First & foremost, apologies for my being a right Royal PITA.

I previously posted the Norco Charger & Fluid/Boardman Team Pro thread & have since discounted the Charger & the Boardman.

O.k here goes.

Both the Whyte & Norco are FS. 
The *2015* Norco has good quality Fox forks & shock with 120 travel front & rear & an XT/SLX Shimano mix group.

The *2016* Whyte has arguably a better frame with 130mm travel F/R, RockShocks forks & rear shock & a 1x11 Sram group.

The Norco is/will be a completely different beast. Hard tail with a 140mm fork & budget groupset. 

With the Norco I could go for this budget spec & upgrade in a couple of years time or get the RR frame & spec it up myself, although I would need a shop to build it.

Does anyone own any of these bikes or just have advice in general ? 

I have been out of the Mtb game for nearly 20 years now & it will supplement my main road bike focus & give me a bit of 'something else'.

*budget dictates that 0 % finance is used or a slow self build from a frame*

Cheers.


----------



## Levo-Lon (21 Oct 2015)

I'd have the whyte..11 speed sram is superb and rock shox fork will be a better user freindly fork.
fox are a pain with constant service requirement.

whyte is a uk bike too so quick to fix if it goes snap..which it wont..but Norco is Canada..and they have a socialist govt now lol

mondraker? Can you ride one..or any of these bikes?? It will make the decision easier


----------



## SteCenturion (22 Oct 2015)

I can definitely go take a look at the Whyte, either at Leisure Lakes in Bury or Edinburgh Cycle Co-Operative in Manchester. 

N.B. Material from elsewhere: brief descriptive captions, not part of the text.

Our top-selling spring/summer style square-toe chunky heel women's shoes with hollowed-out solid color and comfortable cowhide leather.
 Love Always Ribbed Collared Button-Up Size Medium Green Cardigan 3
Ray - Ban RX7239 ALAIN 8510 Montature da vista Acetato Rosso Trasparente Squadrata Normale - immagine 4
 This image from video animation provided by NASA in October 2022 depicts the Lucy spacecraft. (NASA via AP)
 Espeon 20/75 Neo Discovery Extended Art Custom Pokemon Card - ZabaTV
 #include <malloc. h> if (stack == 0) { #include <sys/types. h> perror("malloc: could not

The Norco I could ride at Evans Trafford Centre branch but I suspect in all cases it will just be a car park test that won't tell me much other than it fits.

Not sure where I could look at a Mondraker @meta lon so I might have to take a leap of faith.

My gut instinct & roving eye say the Whyte is for me currently, however it is a *lot* of money, but then again should last me 10 years.


----------



## Levo-Lon (22 Oct 2015)

Even a car park test will tell you if its good or not @SteCenturion 
when i gotcthe cube stereo from rutland cycles i tried several bikes that i thought looked cool ,but the were not for me after a quick ride.
the cube was a Iwant this now bike and its proving to be a very good choice.

so much better if you can have a go on a bike.


----------



## Motozulu (4 Nov 2015)

Haven't got the Whyte but a couple of riding buddies have - it's a great, do everything bike. No brainer - get it!


----------